In a lifetime of service, including being a JP at Worthing Magistrates’ Court and a West Sussex Deputy Lieutenant, Lilian, 83, says it is the retirement club that has in many ways given her the most pleasure.
She said: “Over the past 40 years, I have been so rewarded. It has all been done voluntarily but you couldn’t pay me enough to get the same satisfaction.
“We have about 200 members and it gives them a purpose, they look forward to it. I had a few years off as chairman when I was widowed but it was my baby and it has been tremendously successful. It is amazing when I think back.”
Lilian was working at the Citizens Advice Bureau when the charity, which later became Guild Care, was considering having a centre in Ferring, similar in style to its Methold House base in Worthing.
She said: “I was asked if I thought it was needed and I said I didn’t really think that it was, there were so many groups already. But I did a survey and, of course, people said yes.
“It is a very friendly village. At the time, there were all sorts of groups in Ferring, more than 40 of them, but there was nothing like a day centre.

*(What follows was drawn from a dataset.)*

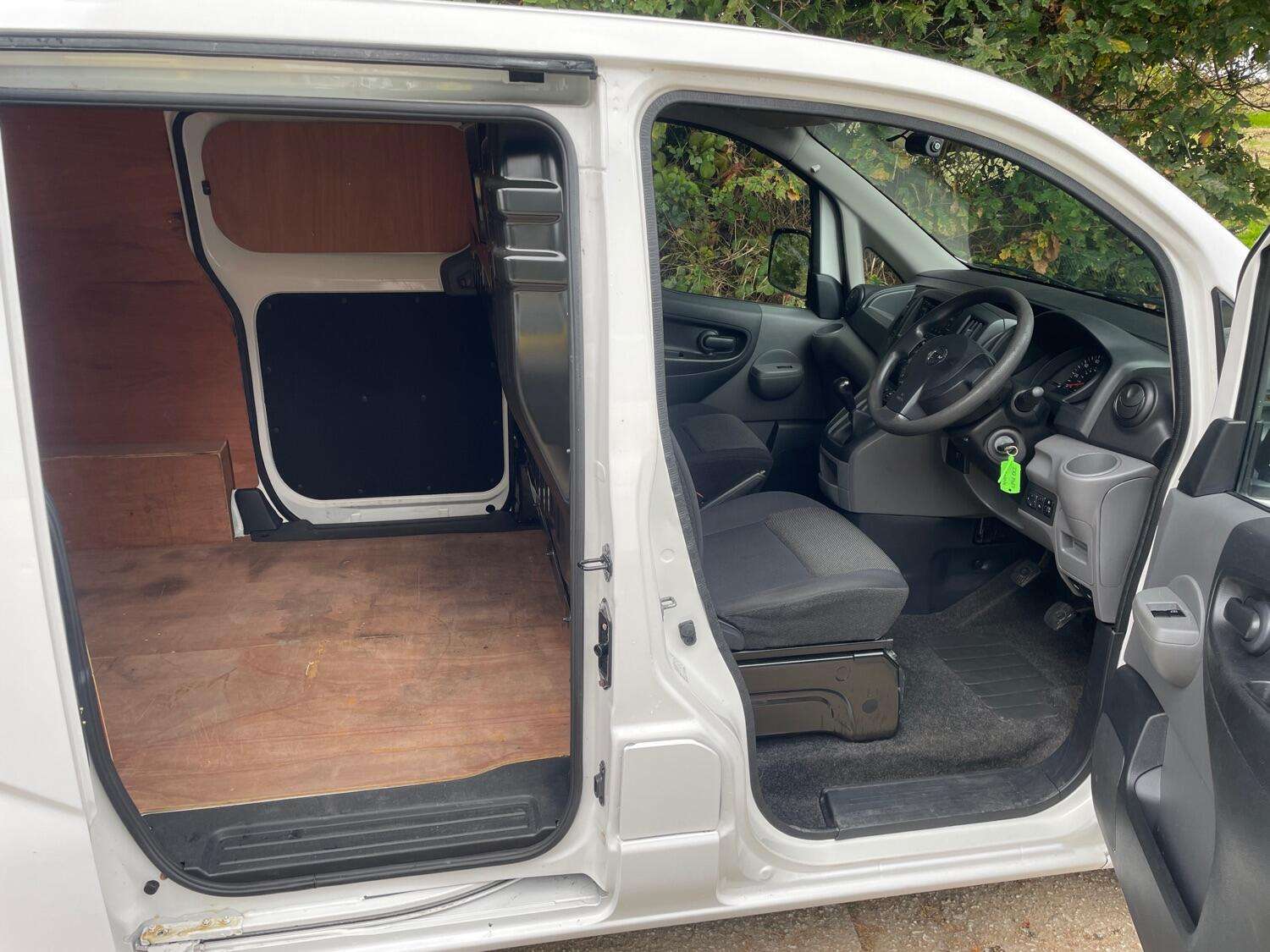 2017 NISSAN NV200 2017 NISSAN NV200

“We launched it in the youth club hall on October 14, 1980. We met on Tuesdays and Thursdays and we were absolutely packed out. We had 60-odd people for lunch. I was 43 and they were what I fondly call wartime mums and dads, the over-60s.

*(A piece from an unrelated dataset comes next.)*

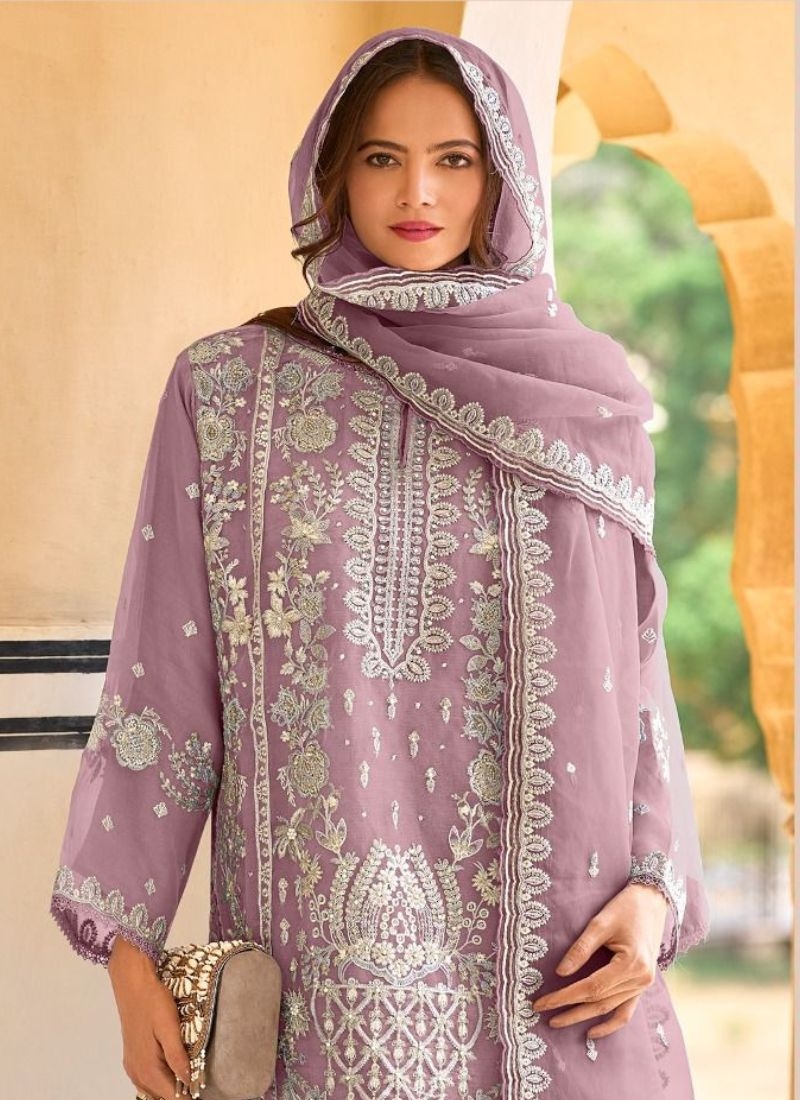 Stunning embroidered silk pantsuit & dupatta in light pink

“People started asking for somewhere to go at the weekend. I was a member of Worthing District Health Authority at the time and I managed to get a grant of £42,000 towards what we hoped would be our own clubroom.
“West Sussex County Council owned the building and we wanted to build a strip on the side. I wrote to every charity I could think of and raised the £110,000 needed, then I was left to it. I founded it and I just got on with it.
“In about 1994, just before the charity was relaunched, the decision was taken to close several retirement clubs. Ours was so well established, I got us our own charitable status and we carried on independently.
“It was ahead of its time but there have been so many social changes, the club has changed as well. It started out as a day centre, people would come in at nine, have lunch and stay until four. Then lunch fell away because people didn’t seem to want a meal at lunchtime any more. Even so, it meant so much to that particular group of about a dozen or so.
“Now, the club has all different sections, Zumba, exercises, dancing, bridge and a choir that is renowned.”
The club, in Greystoke Road, Ferring, had to close on March 22 for lockdown and opened again on October 6.
Lilian said: “The nonagenarians were the first to come back. It is the being with people, music and the exercises at the same time. They absolutely love it but we had only three sessions before it all had to close again.”
Lilian felt the second lockdown combined with the 40th anniversary offered ‘a natural break’, a good time for her to step down.
She said: “I will still be life president and I shall now be able to appreciate what the others have, somewhere to go and someone to talk to. I absolutely love the dancing group, and the bridge.
“And it will give me great pride to see the new people take it forward, in their own way. It has been so rewarding and the most satisfying thing I have done because I have seen how the people have benefited. They say to me they so love our club, it is their home.”
Valerie Simpson, who has taken over as chairman, said Lilian deserved to ‘go out in a blaze of glory’ after 40 years of devotion to the older residents of the village but sadly, the big celebratory event the committee had planned had to be cancelled.
Valerie said: “Lilian deserves public recognition for her huge contribution to the community. We are extremely disappointed that, after devoting herself to the residents of Ferring for 40 years, Lilian will not go out as we would have wished.
“Instead, she stood down at our virtual AGM on November 25 with only a handful of our members on Zoom.”
Lilian also set up the Friends of Ferring volunteer driving scheme and because she did not want to be chairman of that as well, her first husband, Bernard Phillips, became chairman. Sadly, he died in 1996, so he did not hold the position for long.
Lilian said: “The service is invaluable, offering a friendly face to collect you from your own front door and take you back and see you in.”